The Majority might be best remembered, or indeed primarily known, for recording a couple of songs penned by writers from much bigger groups that didn't release their own versions. Of the many British Invasion-era bands that never had a hit, however, the Majority had more staying power than most, releasing eight singles on Decca between 1965 and 1968. They never quite found a consistent stylistic direction or great material, however, before changing their name to Majority One in the late '60s.
Formed in Hull, England, as the Mustangs in the early '60s, they changed their name to the Majority around the time they moved to London in 1965. With more of an American pop/rock vocal harmony style than most British Invasion groups, they tried their hand at a variety of material over the next few years, most of it coming from outside songwriters. As a minor coup of sorts, for their second single, 1965's "A Little Bit of Sunlight," they managed to gain access to a Ray Davies composition that never found a place on a 1960s Kinks record (though a 1965 demo Davies cut with session men eventually found release). They also covered another Davies song, the Kinks' "Ring the Bells," on the B-side of their next single, though to be honest the Majority versions of both songs were not in the same league as the Davies-sung ones.
In search of chart material, the Majority also tried compositions written or co-written by such luminaries as John Carter, Twice as Much, and Chip Taylor. But they never hit a commercial or artistic gold mine, the production varying from the lush to straightforward mod-ish rock.

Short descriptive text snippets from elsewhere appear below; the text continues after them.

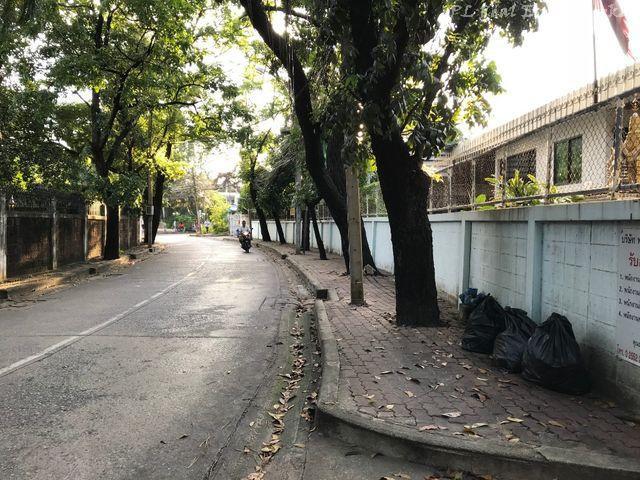 ที่ดิน 145000000 กรุงเทพมหานคร เขตหลักสี่ ตลาดบางเขน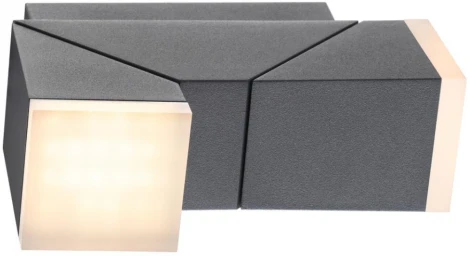 Архитектурная подсветка Novotech Kaimas 357829 (LED, 220V, IP54)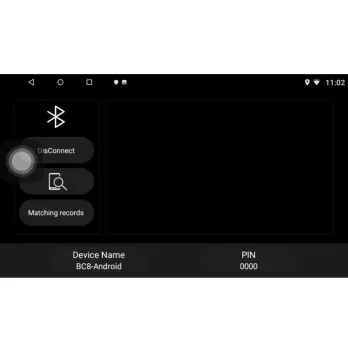DIGITAL IQ RSD 211_CPA (7"_DIN) MULTIMEDIA 2DIN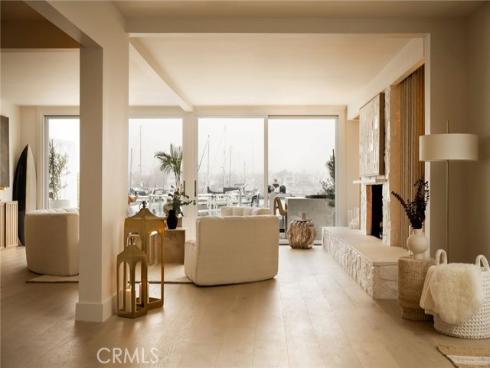 1344 W Bay   Avenue, Newport Beach, CA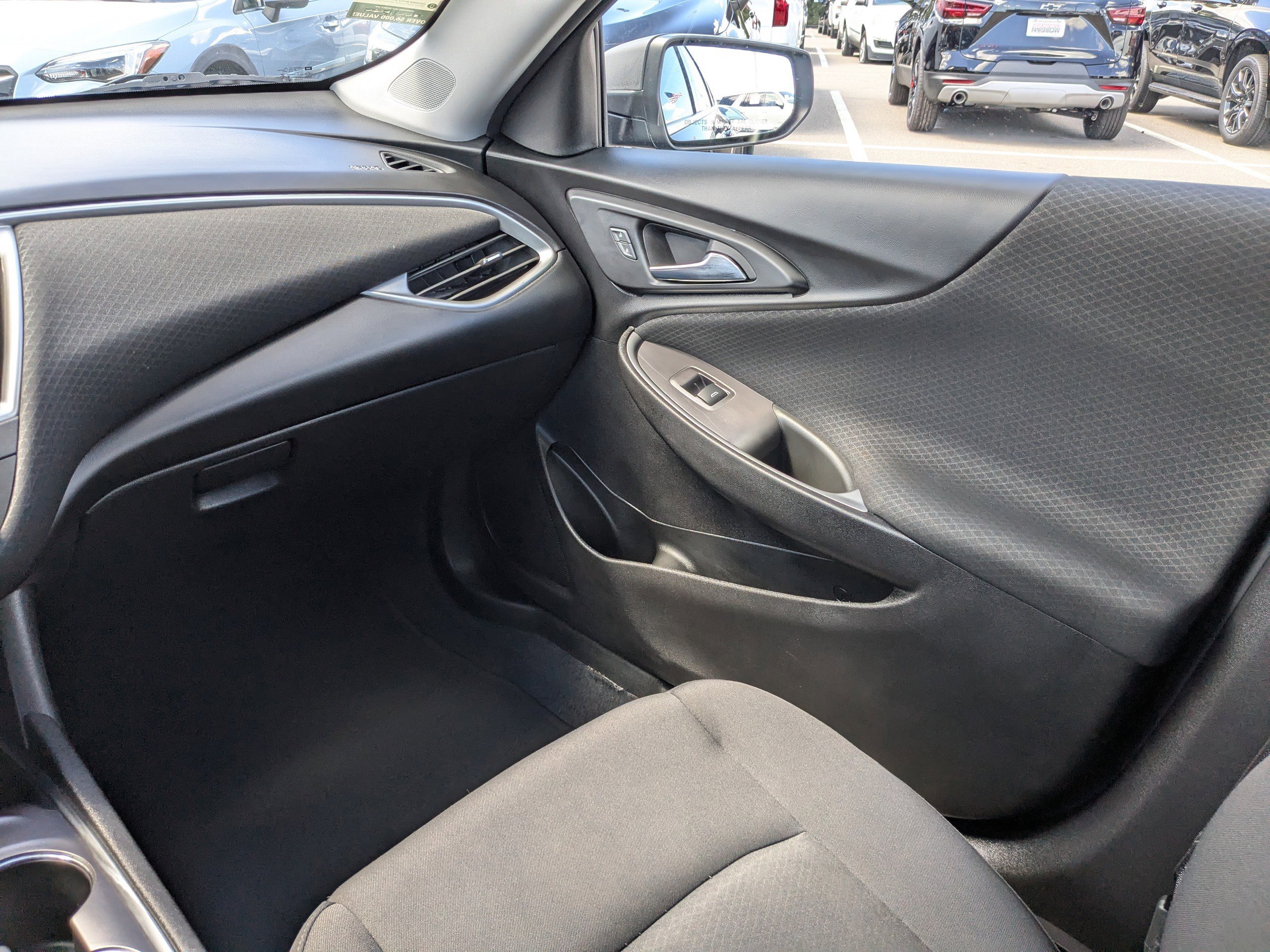 2022 Chevrolet Malibu 1LT photo 15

One such effort in the latter vein, "One Third" (which like several of their better recordings faintly recalled the Zombies), did find a bigger audience decades later when it was included on the Nuggets, Vol. 2 box set of overlooked '60s British Invasion/early psychedelic-like rock from non-U.S. countries. Lead singer Barry Graham wrote "One Third," but his contributions to the group's recorded repertoire were limited to a couple B-sides.
The Majority's eighth and final single, "All Our Christmases," would generate another collectible for future British '60s rock aficionados to hunt down in subsequent decades, as it was written but not recorded by the Bee Gees. After some major lineup shuffles and work backing singer Barry Ryan in concert and in the studio, the Majority relocated to France, where they renamed themselves Majority One in 1969 and continued their recording career with a similar but more sophisticated musical approach. All of the tracks from the Majority's singles except one are on the CD compilation The Decca Years 1965-68.